=== Data for processing ===
--

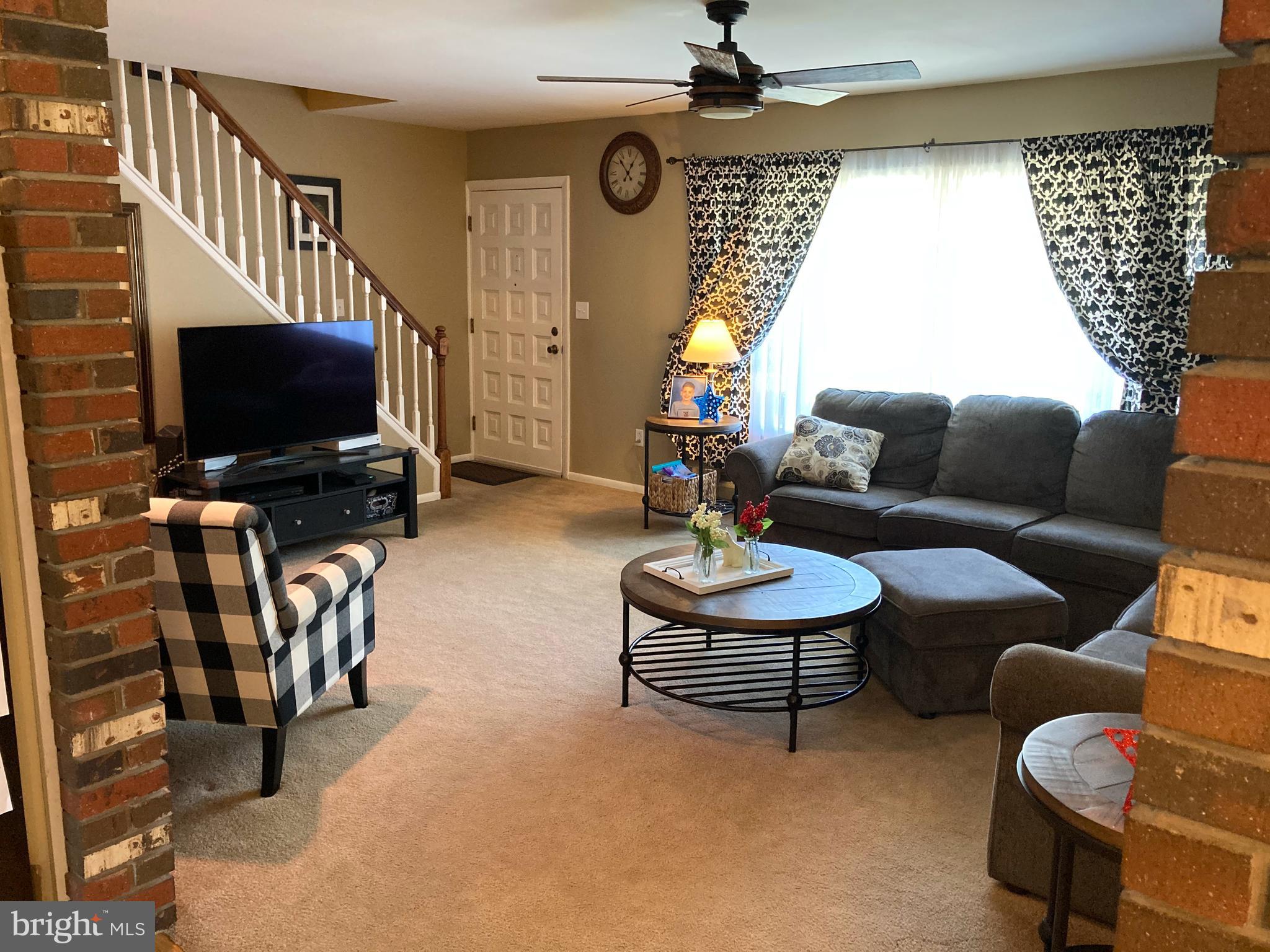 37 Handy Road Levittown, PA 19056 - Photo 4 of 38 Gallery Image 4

--

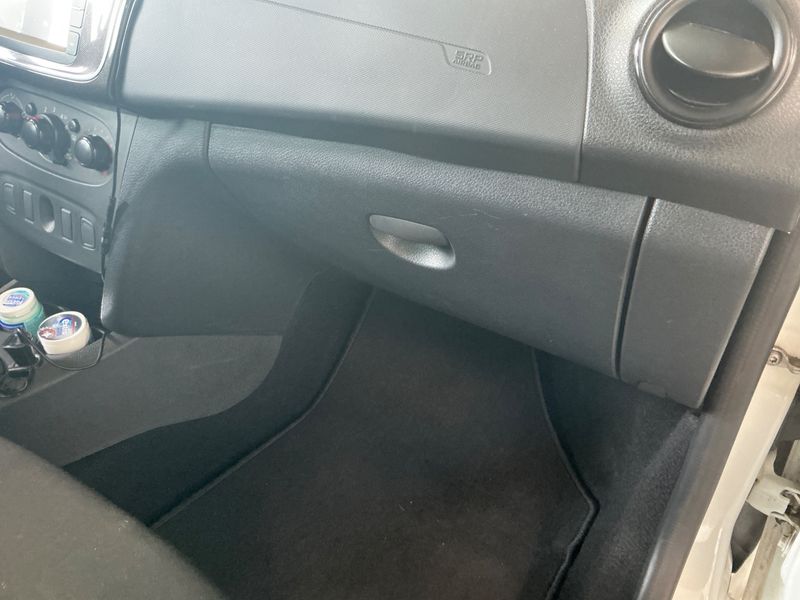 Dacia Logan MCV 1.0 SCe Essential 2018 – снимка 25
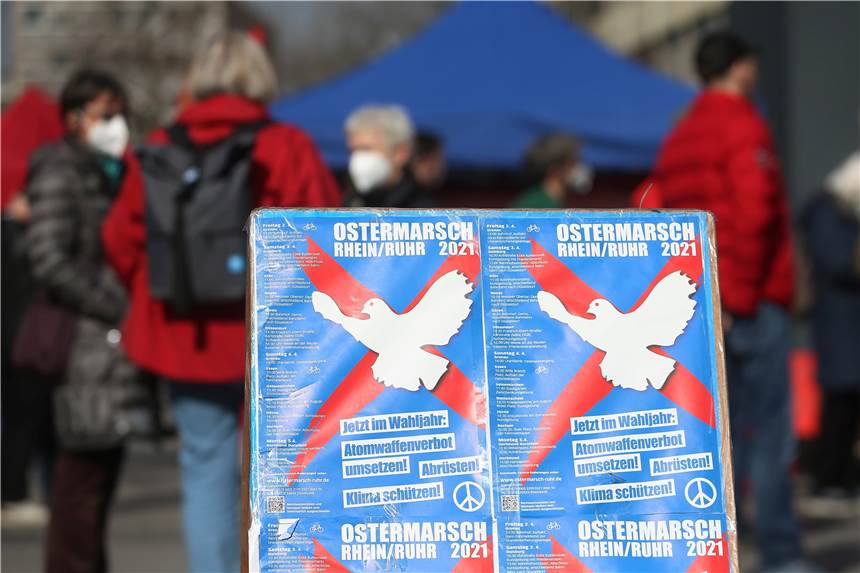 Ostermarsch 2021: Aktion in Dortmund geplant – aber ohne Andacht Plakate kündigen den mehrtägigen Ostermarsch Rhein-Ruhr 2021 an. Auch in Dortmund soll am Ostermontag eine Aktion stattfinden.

--

=== Activity ===
Look above for the line with "Dacia Logan MCV" and the line with "Ostermarsch 2021: Aktion", then copy exactly the lines from the first through the second, both kept, with no pictures.

=== Response ===
 Dacia Logan MCV 1.0 SCe Essential 2018 – снимка 25
 Ostermarsch 2021: Aktion in Dortmund geplant – aber ohne Andacht Plakate kündigen den mehrtägigen Ostermarsch Rhein-Ruhr 2021 an. Auch in Dortmund soll am Ostermontag eine Aktion stattfinden.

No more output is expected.